[webgpu] Use pushErrorScope()/popErrorScope() once for an inference run #23438

jchen10 · 2025-01-21T06:08:13Z

The CPU walltime of waiting for PopErrorScope is non-trivial, and also validation errors are not expected to happen in Release build.

Description

Motivation and Context

The CPU walltime of waiting for PopErrorScope is non-trivial, and also validation errors are not expected to happen in Release build.

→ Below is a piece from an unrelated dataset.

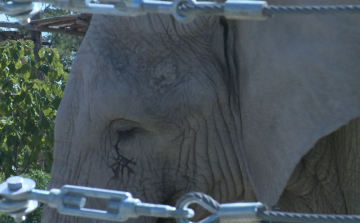 Elefántok világnapja a győri állatkertben is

jchen10 · 2025-01-21T06:26:02Z

The wait for PopErrorScope can take around 7% wall time per my profiling, which is not negligible. Meanwhile, no need to capture validation erros in release build according to WebGPU Error Handling best practices:

validation errors occur whenever invalid inputs were given to a WebGPU call. These are consistent, predictable, and should generally not be expected during normal operation of a well formed application. They will fail in the same way on every device your code runs on, so once you’ve fixed any errors that show up during development you probably don’t need to observe them directly most of the time. An exception to that rule is if you’re consuming user-supplied assets/shaders/etc, in which case watching for validation errors while loading may be helpful.

jchen10 · 2025-01-21T06:31:16Z

@guschmue @fs-eire PTAL

fs-eire · 2025-01-21T19:45:47Z

The document https://toji.dev/webgpu-best-practices/error-handling said it half correct for ONNX Runtime.

Because the shaders are generated dynamically and it is user input based (ONNX model is considered user input), it is impossible to have 100% test coverage for all possible shaders that may run. We can never expect the code is bug free no matter how carefully we write the code. So, validation errors will happen in ORT Release build.

As a library, we want to try our best to avoid unexpected crash/abort. It is OK that a validation error causing unexpected inferencing failure, but we want to avoid crash/abort or a stale state.

My concern of this change is: Will this change cause higher possibility of potential crash (abort), or a stale state (ie. any inferencing after this failure will all fail)?

jchen10 · 2025-01-22T01:53:30Z

The document https://toji.dev/webgpu-best-practices/error-handling said it half correct for ONNX Runtime.

Because the shaders are generated dynamically and it is user input based (ONNX model is considered user input), it is impossible to have 100% test coverage for all possible shaders that may run. We can never expect the code is bug free no matter how carefully we write the code. So, validation errors will happen in ORT Release build.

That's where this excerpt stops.